___ WORKING DATA ___

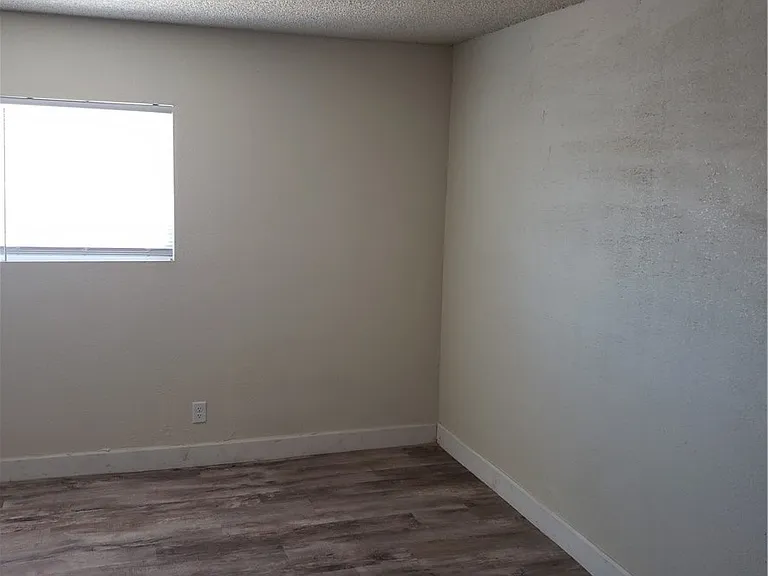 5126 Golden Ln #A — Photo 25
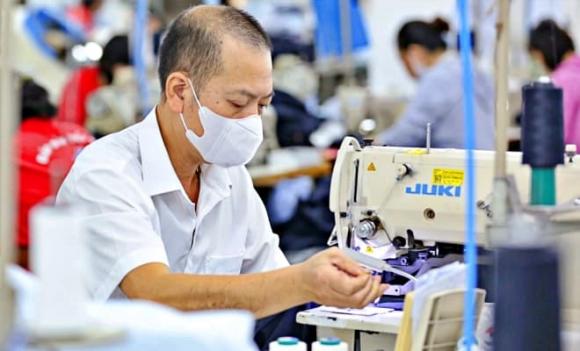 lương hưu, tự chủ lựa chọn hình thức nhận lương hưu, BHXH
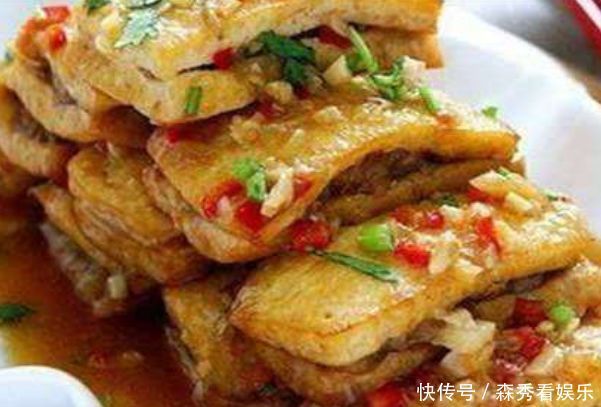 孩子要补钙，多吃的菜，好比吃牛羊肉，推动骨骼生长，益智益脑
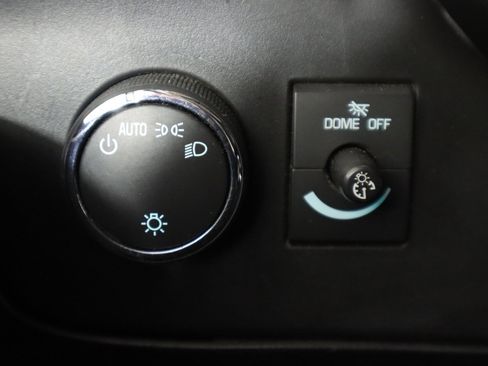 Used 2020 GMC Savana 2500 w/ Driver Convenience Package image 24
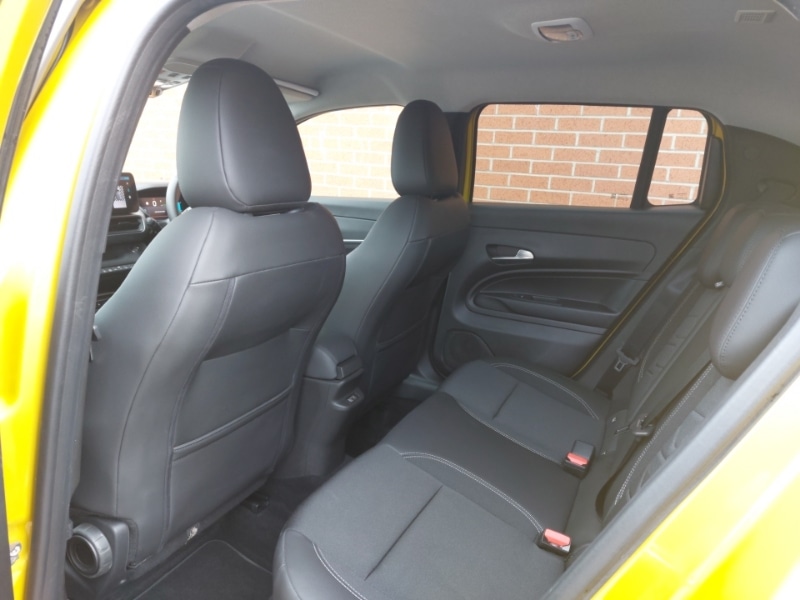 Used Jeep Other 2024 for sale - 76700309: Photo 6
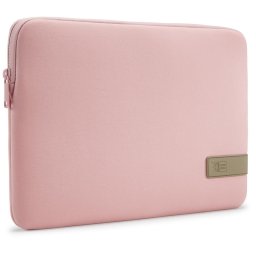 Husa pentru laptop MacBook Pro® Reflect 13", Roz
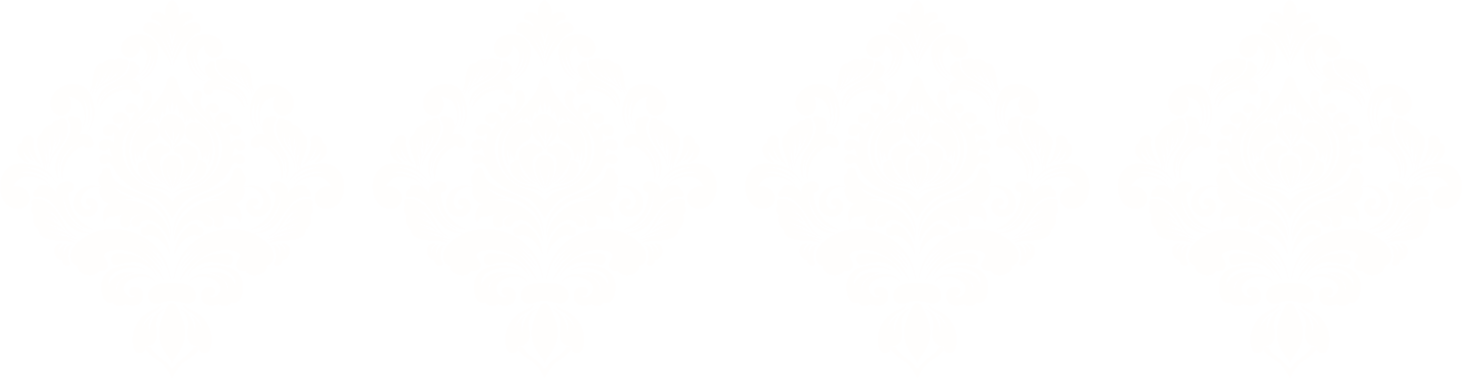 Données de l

___

#### [WORK TO COMPLETE]
Please repeat exactly the lines from the one containing "Husa pentru laptop" through the last line of the records, both included, and leave out the pictures.

#### [RESPONSE AREA]
 Husa pentru laptop MacBook Pro® Reflect 13", Roz
 Données de l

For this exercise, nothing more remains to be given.